WHAT IS BEING ASKED: Below are some records. Quote exactly the lines from the one that contains "TOYOTA LAND CRUISER" through the last, both included, and leave out the pictures.

Records from a dataset
• • • • • • •
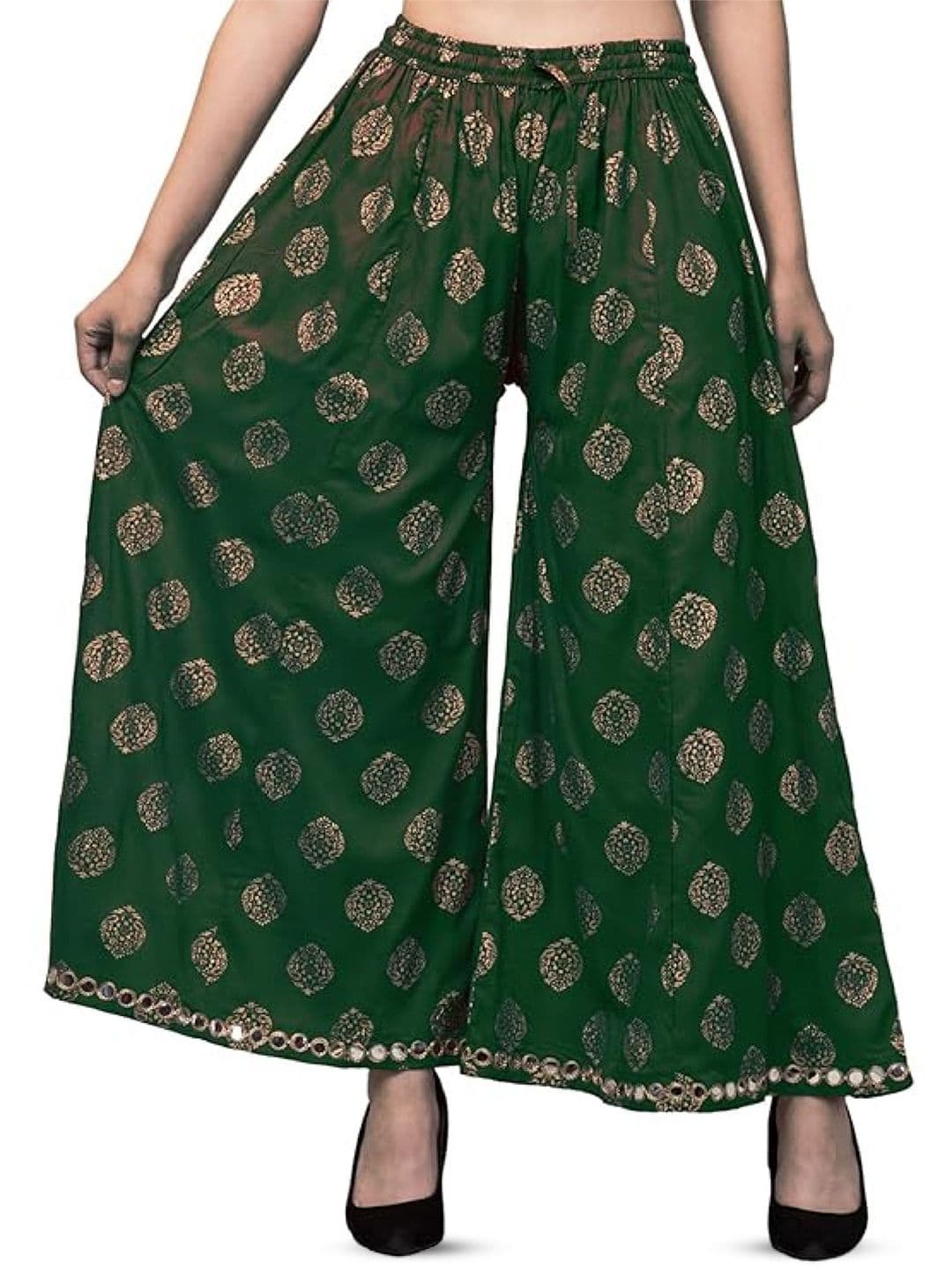 ERUDITE CLUB Women Ethnic Motifs Printed Palazzos - view 1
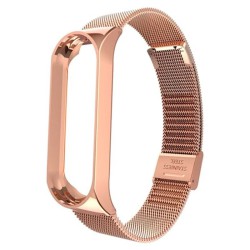 Pulsera Metálica Milanesa Xiaomi Mi Band 5 Oro Rosa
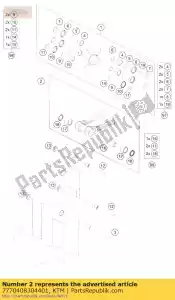 ktm 7770408304401 pull rod cpl. sx 15 - Bottom side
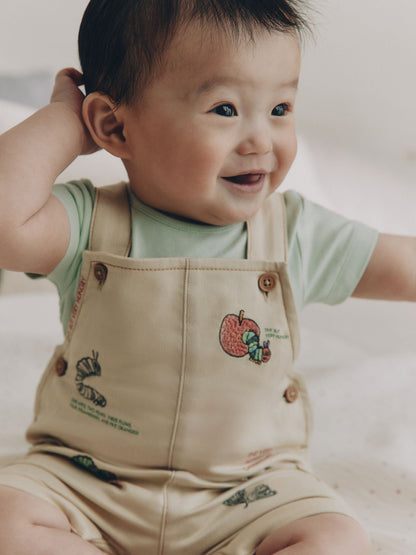 Neutral The Very Hungry Caterpillar Dungaree and Bodysuit Baby Set (0mths-2yrs) image 4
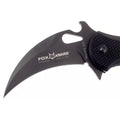 Fox Knives Karambit FX-479 opvouwbaar minimes N690C staal zwart hydrogliderblad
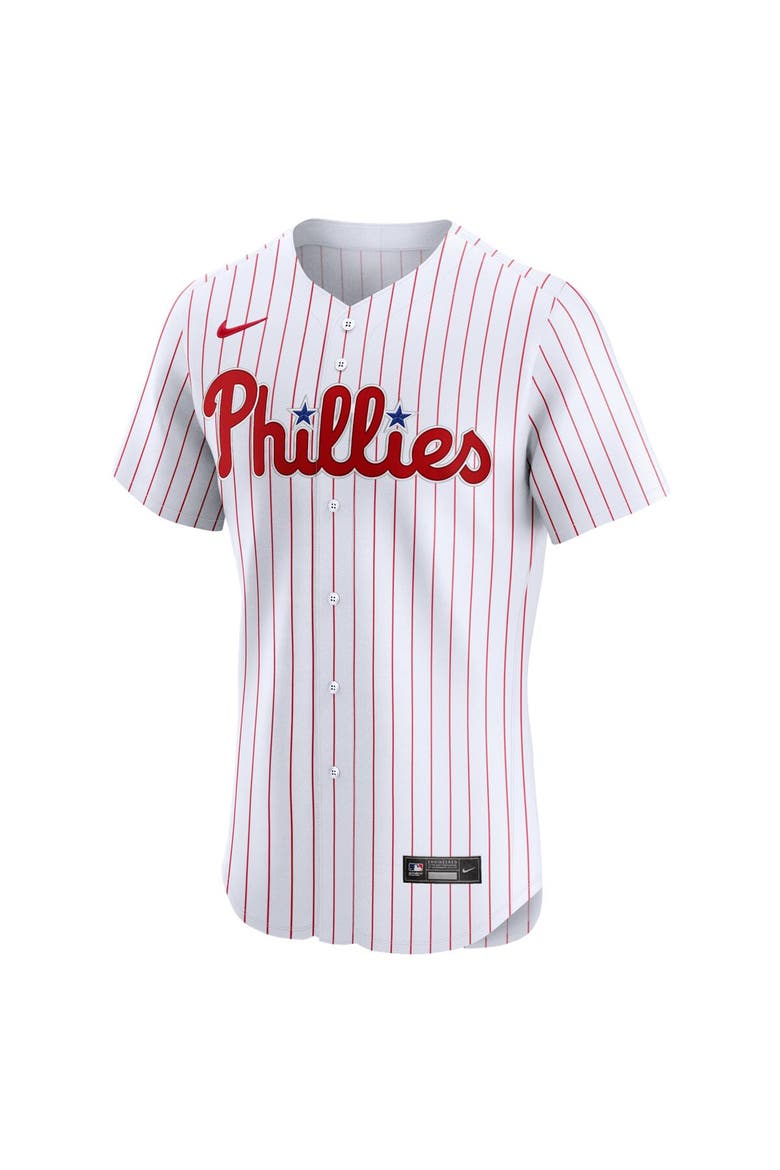 Men's Nike Trea Turner White Philadelphia Phillies Home Elite Jersey, Alternate, color, White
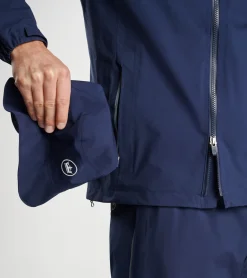 Outlet Peter Millar Rain Walker Jacket Navy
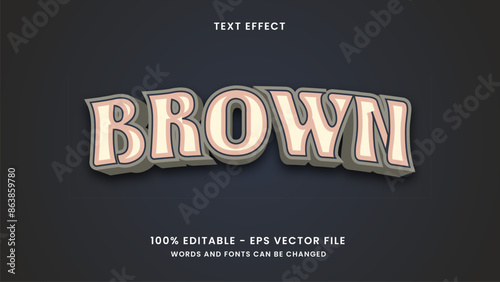 Brown Editable Text Effect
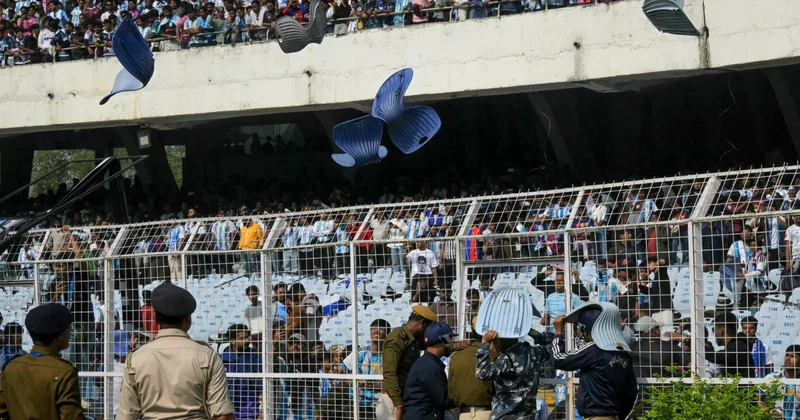 Polis Kəlküttədə Messinin iştirak etdiyi tədbirin təşkilatçısını saxlayıb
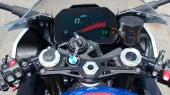 Zaščitno steklo Pixsel za merilnik hitrosti motornega kolesa BMW S1000 R/RR/XR 8.7“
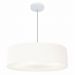 Pendente Cilíndrico Md-4221 Cúpula em Tecido 60x15cm Branco - Bivolt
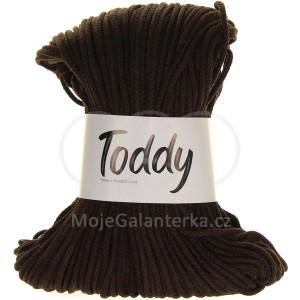Příze Toddy Premium, 3mm, 304, tmavě hnědá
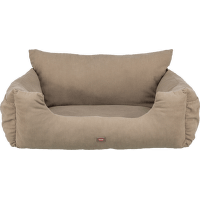 Pelech do auta Trixie Double 80×60×35 cm šedobéžový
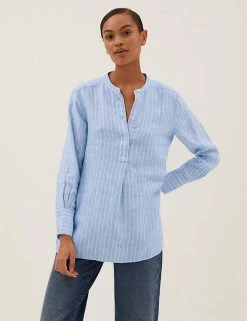 Wholesale 🎁 M&S Collection 👚 Shirts & Blouses Pure Linen Longline Popover Blouse 😀 15 Wholesale 🎁 M&S Collection 👚 Shirts & Blouses Pure Linen Longline Popover Blouse 😀 -Women's Holiday Shop Sales SD 01 T52 3995 E4 X EC 2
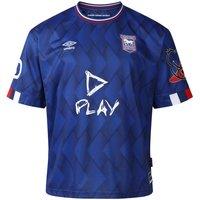 Umbro Men's Ed Sheeran Ipswich Town FC Jersey in Blue | Size: Medium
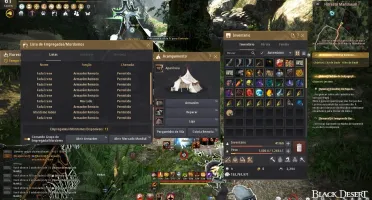 Black Desert SA - pote infinita HP, Pegasus e barraca PW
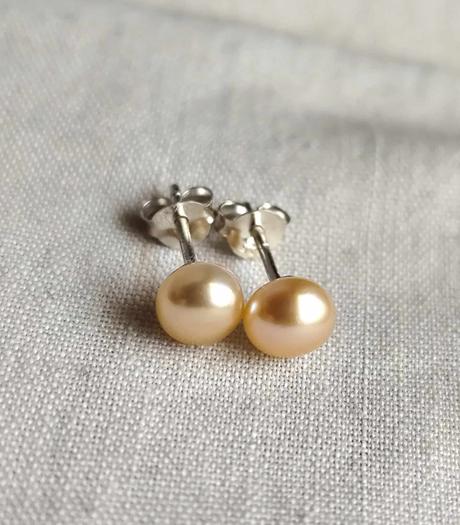 Strieborné náušnice ag 925 riečne perly,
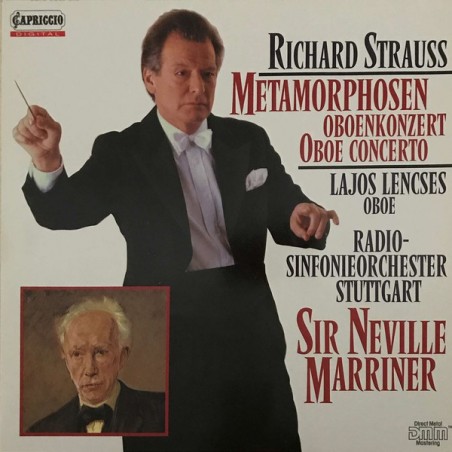 Strauss Richard – Metamorphosen • Oboenkonzert- Sir Neville Marriner |1988    Capriccio – C 27 231
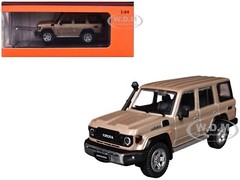 TOYOTA LAND CRUISER (J76) GOLD 1/64 DIECAST MODEL CAR BY GCD KS-081-457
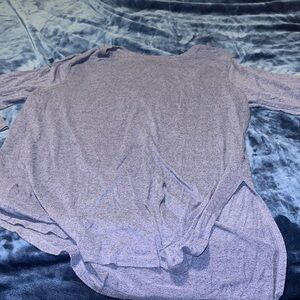 Lavender Long Sleeve Top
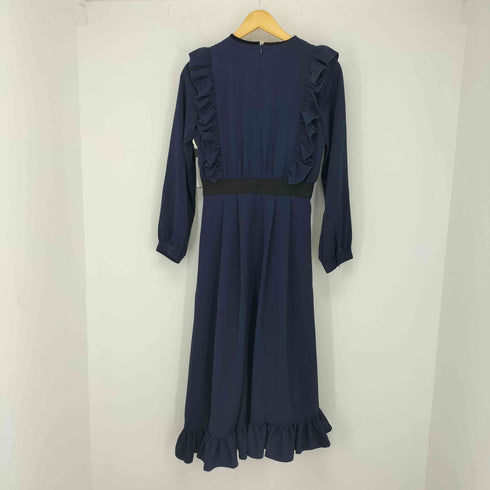 エミリアウィズ EMIRIA WIZ フリルラッフルロングワンピース レディース M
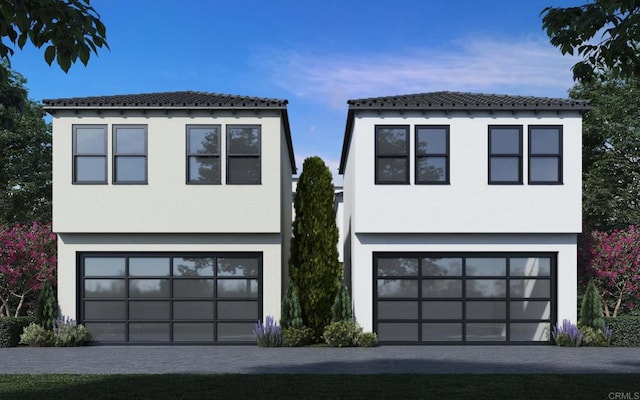 1341 Thomas Ave, Pacific Beach San Diego, CA 92109 - view of front of house with an attached garage and stucco siding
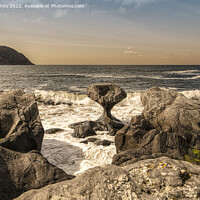 Buy canvas prints of Kannesteinen Rock Maloy Norway by kathy white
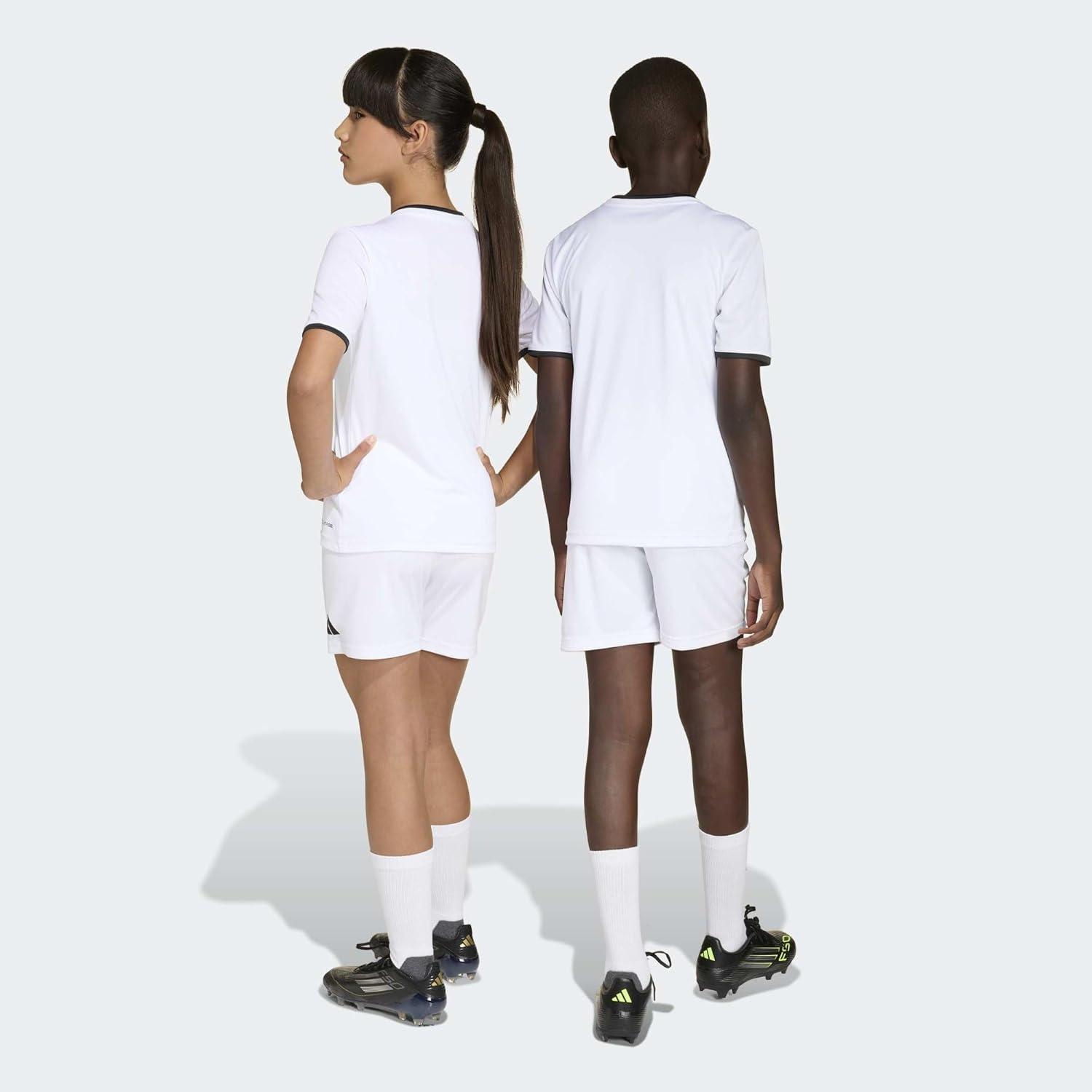 image:imageadidas UnisexChild Entrada26 ShortsWhiteBlack
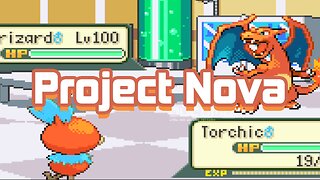 Pokemon Project Nova - GBA ROM Hack, New Story, New Map, New Color Theme, Hard Game with Pocket PC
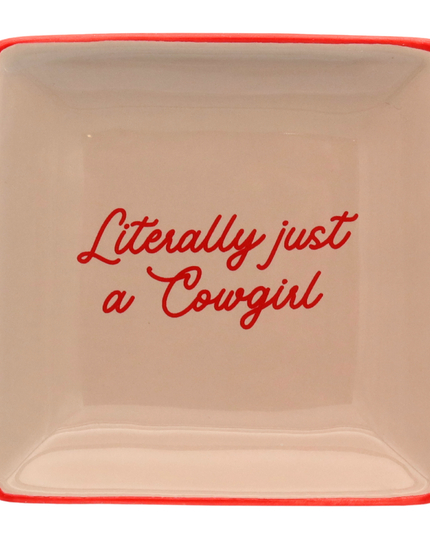 Square Trinket Tray Literally Just A Cowgirl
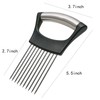 Stainless Steel Onion Holder for Slicing,Onion Slicer Holder,Onion Cutter for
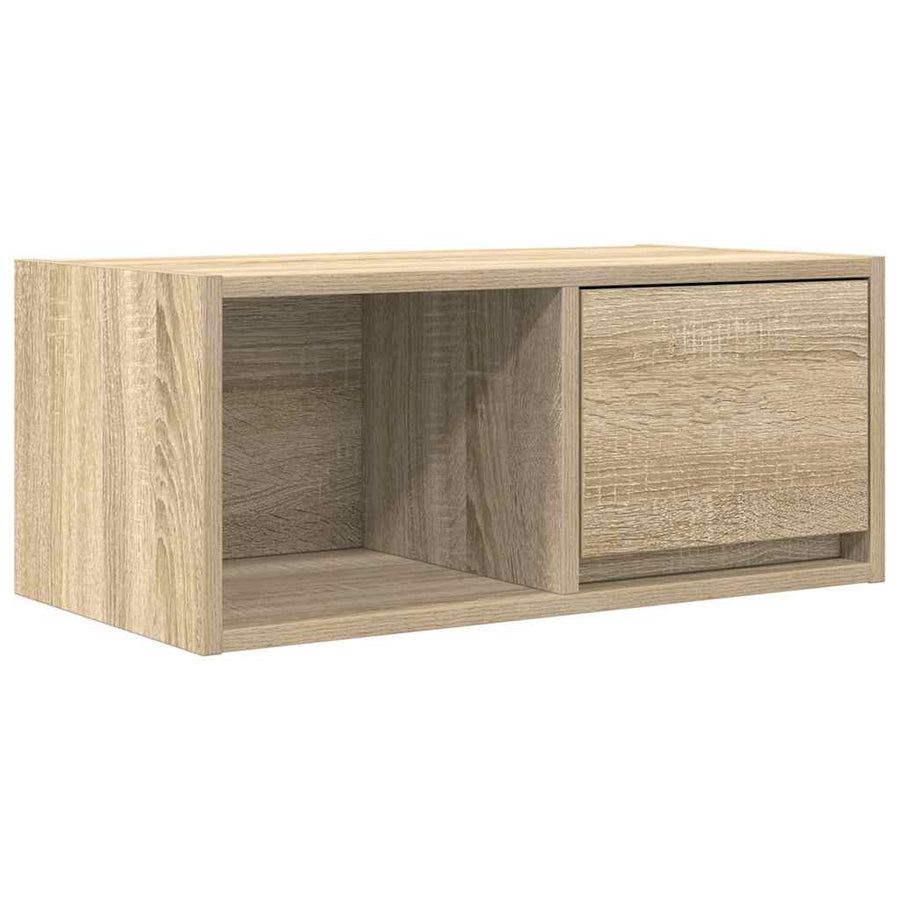 TV-meubel 60x31x25,5 cm bewerkt hout sonoma eikenkleurig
• • • • • • •
TASK ANSWER:
 TOYOTA LAND CRUISER (J76) GOLD 1/64 DIECAST MODEL CAR BY GCD KS-081-457
 Lavender Long Sleeve Top
 エミリアウィズ EMIRIA WIZ フリルラッフルロングワンピース レディース M
 1341 Thomas Ave, Pacific Beach San Diego, CA 92109 - view of front of house with an attached garage and stucco siding
 Buy canvas prints of Kannesteinen Rock Maloy Norway by kathy white
 image:imageadidas UnisexChild Entrada26 ShortsWhiteBlack
 Pokemon Project Nova - GBA ROM Hack, New Story, New Map, New Color Theme, Hard Game with Pocket PC
 Square Trinket Tray Literally Just A Cowgirl
 Stainless Steel Onion Holder for Slicing,Onion Slicer Holder,Onion Cutter for
 TV-meubel 60x31x25,5 cm bewerkt hout sonoma eikenkleurig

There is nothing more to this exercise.